(Collected data entries)
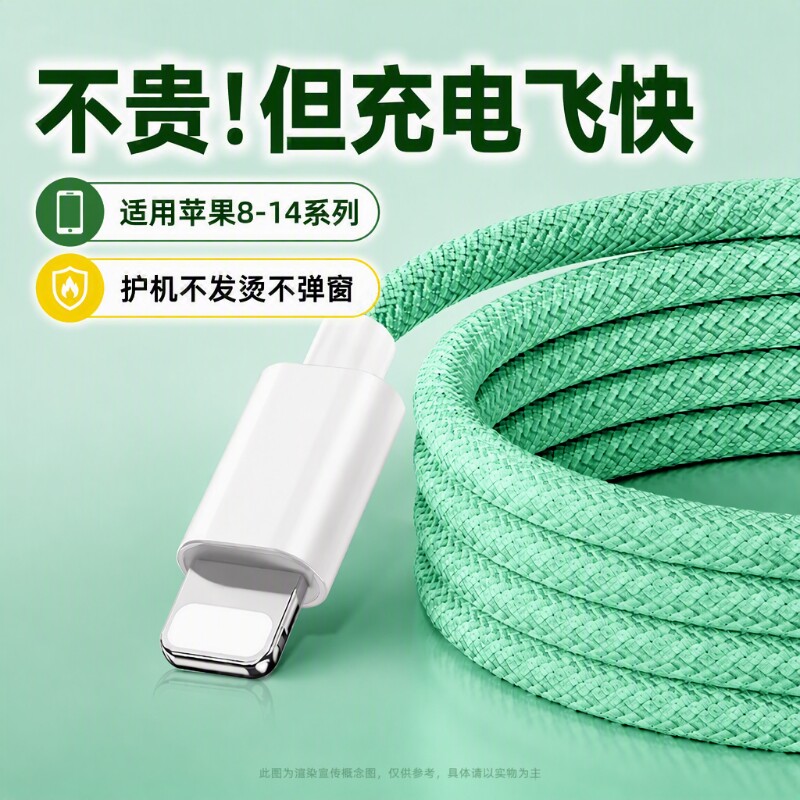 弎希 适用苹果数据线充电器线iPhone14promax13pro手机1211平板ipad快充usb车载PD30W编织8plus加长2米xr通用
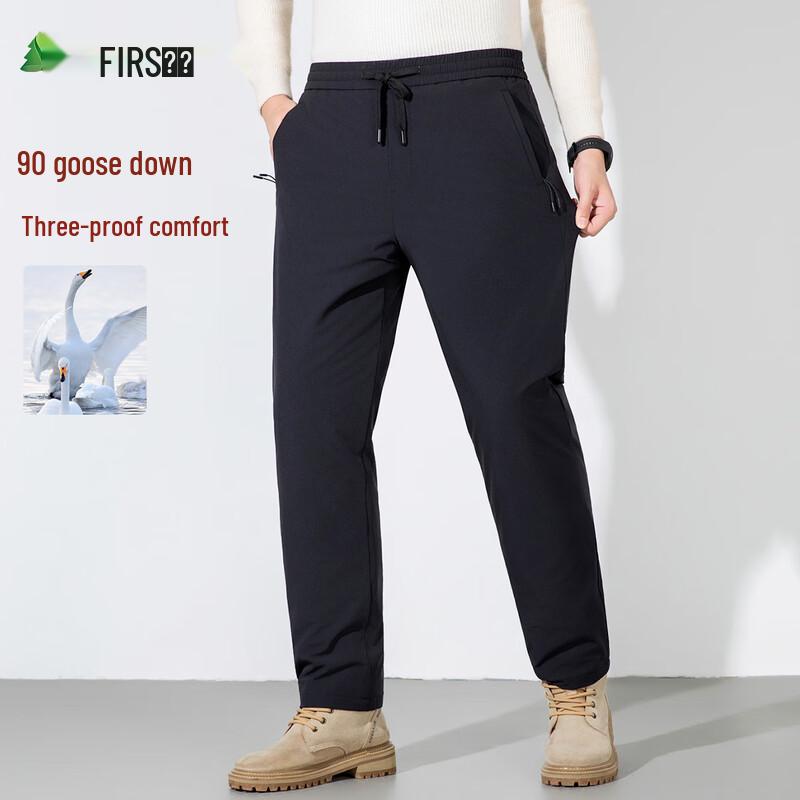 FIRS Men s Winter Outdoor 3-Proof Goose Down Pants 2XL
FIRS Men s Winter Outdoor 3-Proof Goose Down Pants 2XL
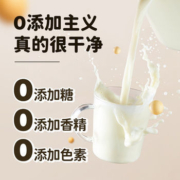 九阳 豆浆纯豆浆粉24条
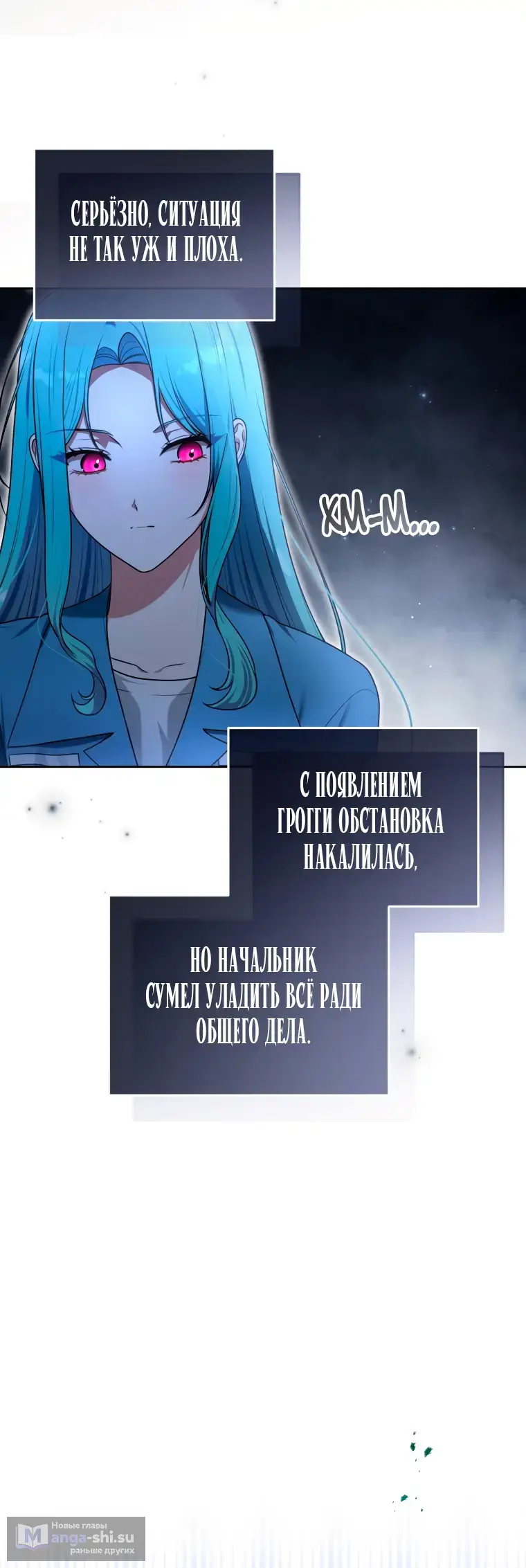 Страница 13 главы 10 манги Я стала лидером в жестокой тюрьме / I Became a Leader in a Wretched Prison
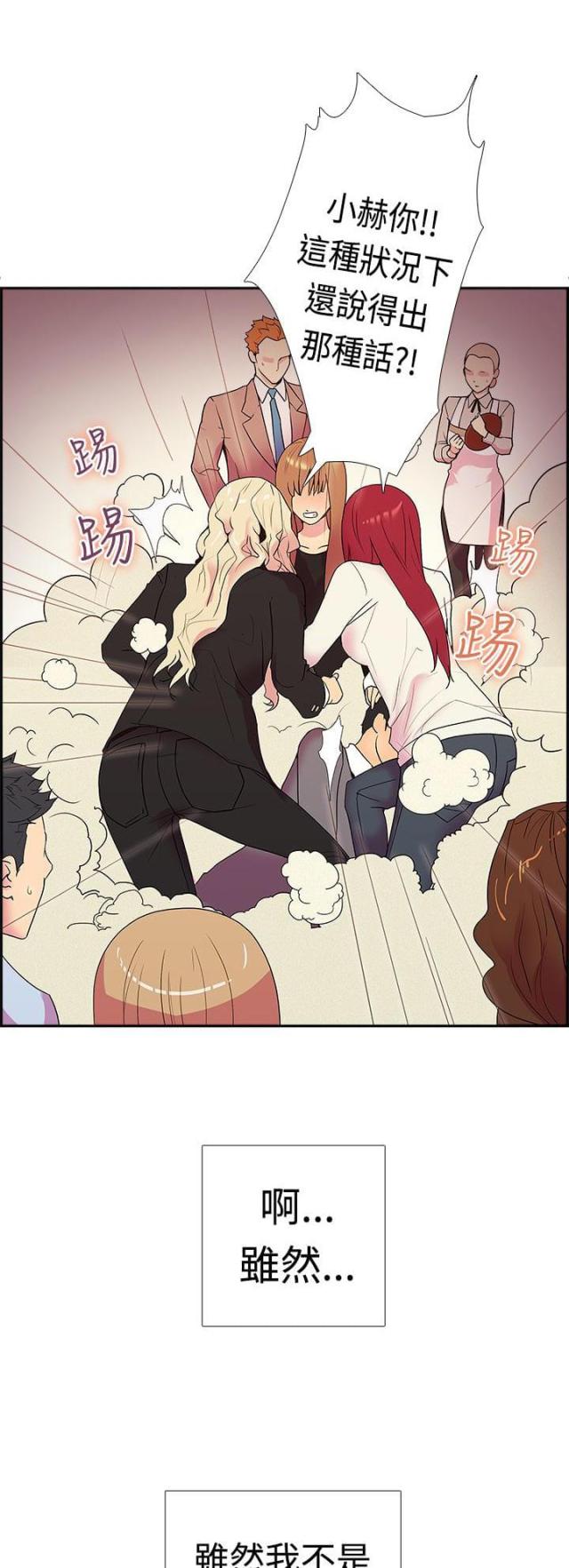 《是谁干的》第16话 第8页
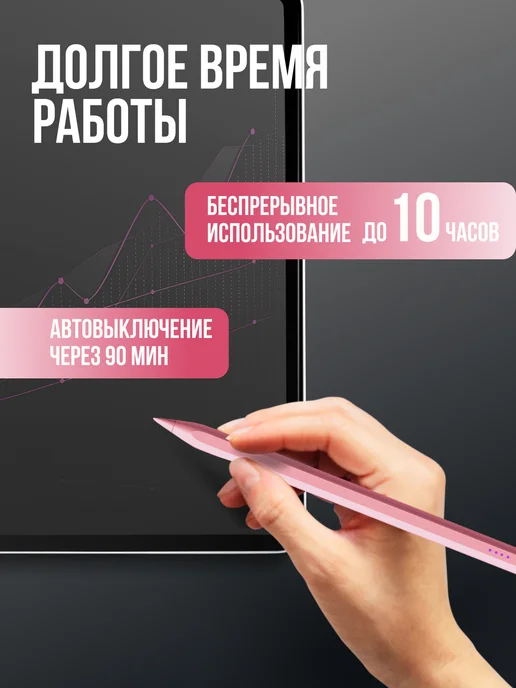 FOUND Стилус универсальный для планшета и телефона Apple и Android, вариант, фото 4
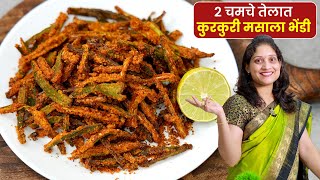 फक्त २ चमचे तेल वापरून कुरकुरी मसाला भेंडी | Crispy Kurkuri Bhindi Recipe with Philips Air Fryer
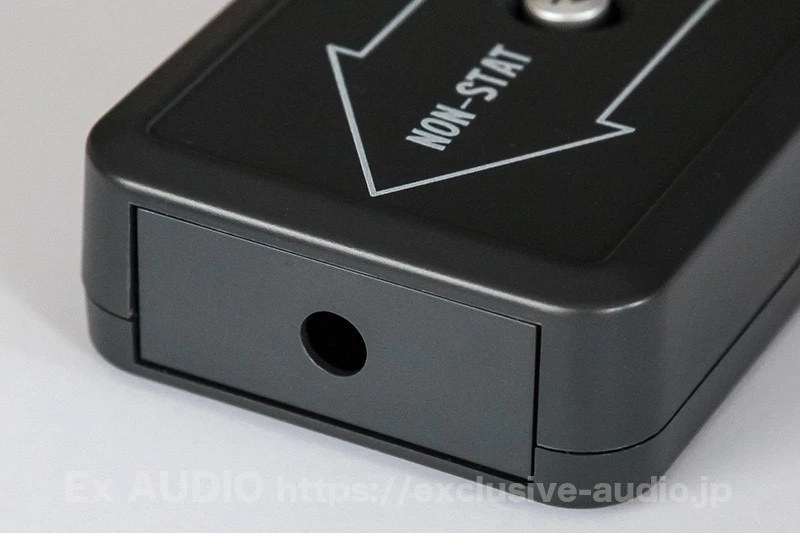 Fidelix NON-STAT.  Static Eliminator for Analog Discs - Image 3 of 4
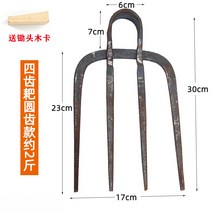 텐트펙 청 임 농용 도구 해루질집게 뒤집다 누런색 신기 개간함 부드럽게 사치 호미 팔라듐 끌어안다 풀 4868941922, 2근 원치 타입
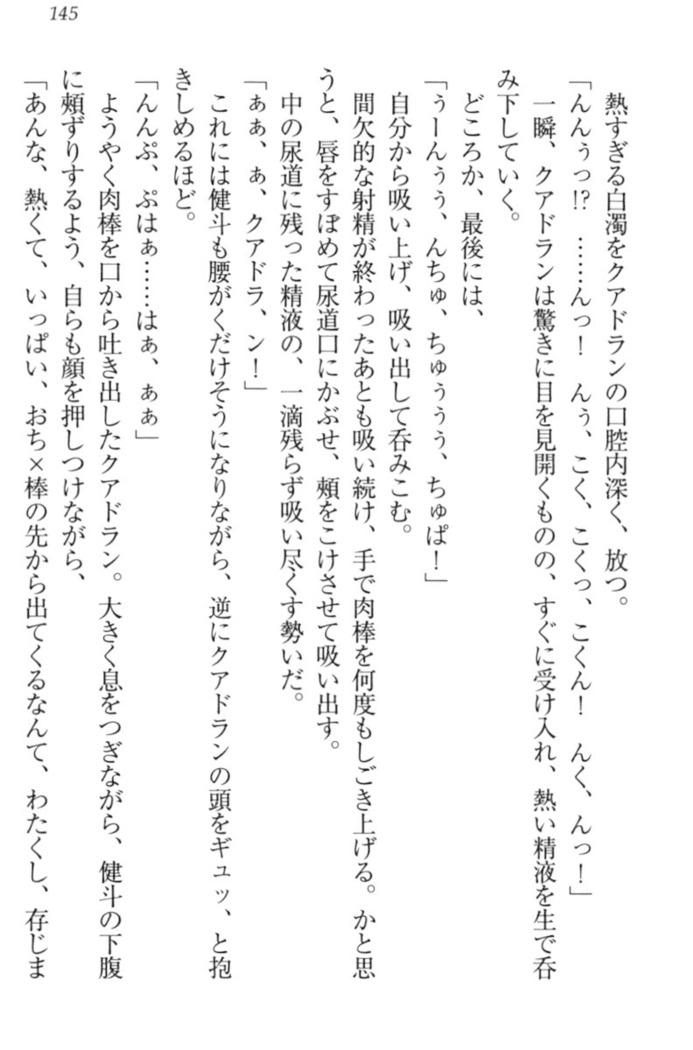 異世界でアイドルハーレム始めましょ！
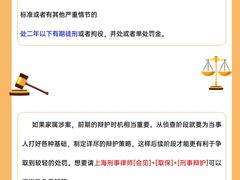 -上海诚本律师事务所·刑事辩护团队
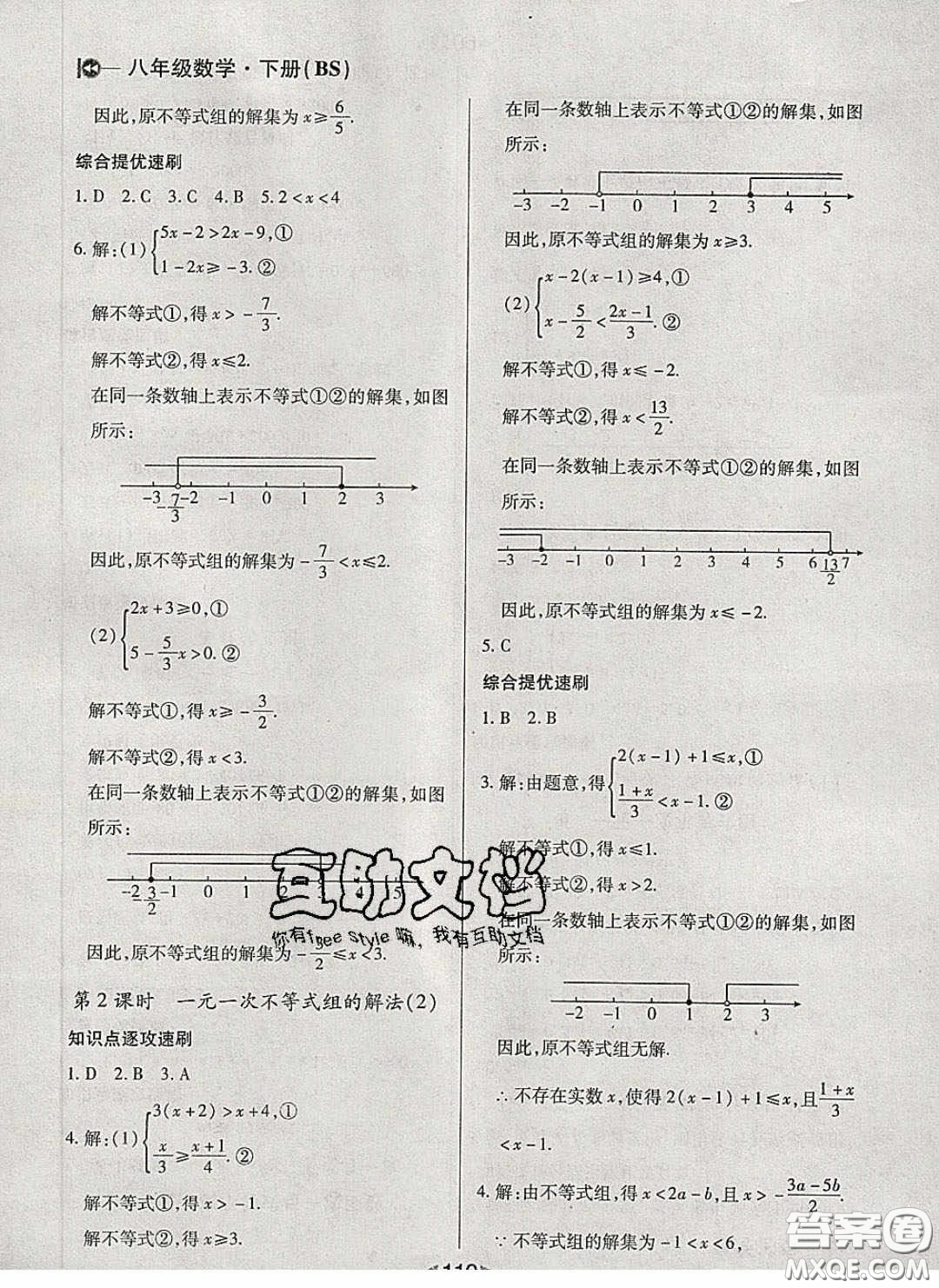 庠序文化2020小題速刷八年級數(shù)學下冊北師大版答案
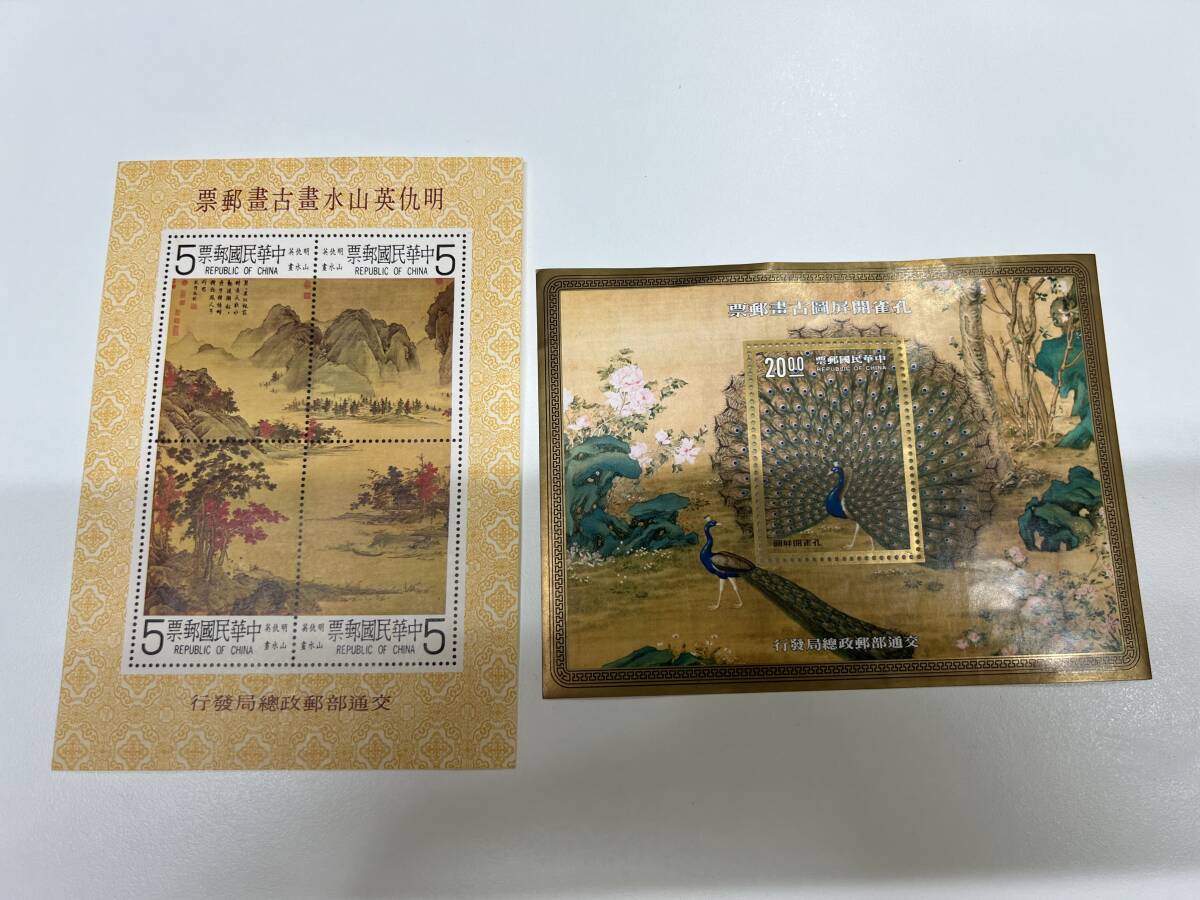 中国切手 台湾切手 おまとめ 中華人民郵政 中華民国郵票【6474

Task details. Can you quote exactly, and only, the lines from the one containing "庠序文化2020小題速刷八年級數(shù)學下冊北師大版答案" through the last line of the records above, keeping both ends and leaving out any pictures?

Solution for this problem.
 庠序文化2020小題速刷八年級數(shù)學下冊北師大版答案
 中国切手 台湾切手 おまとめ 中華人民郵政 中華民国郵票【6474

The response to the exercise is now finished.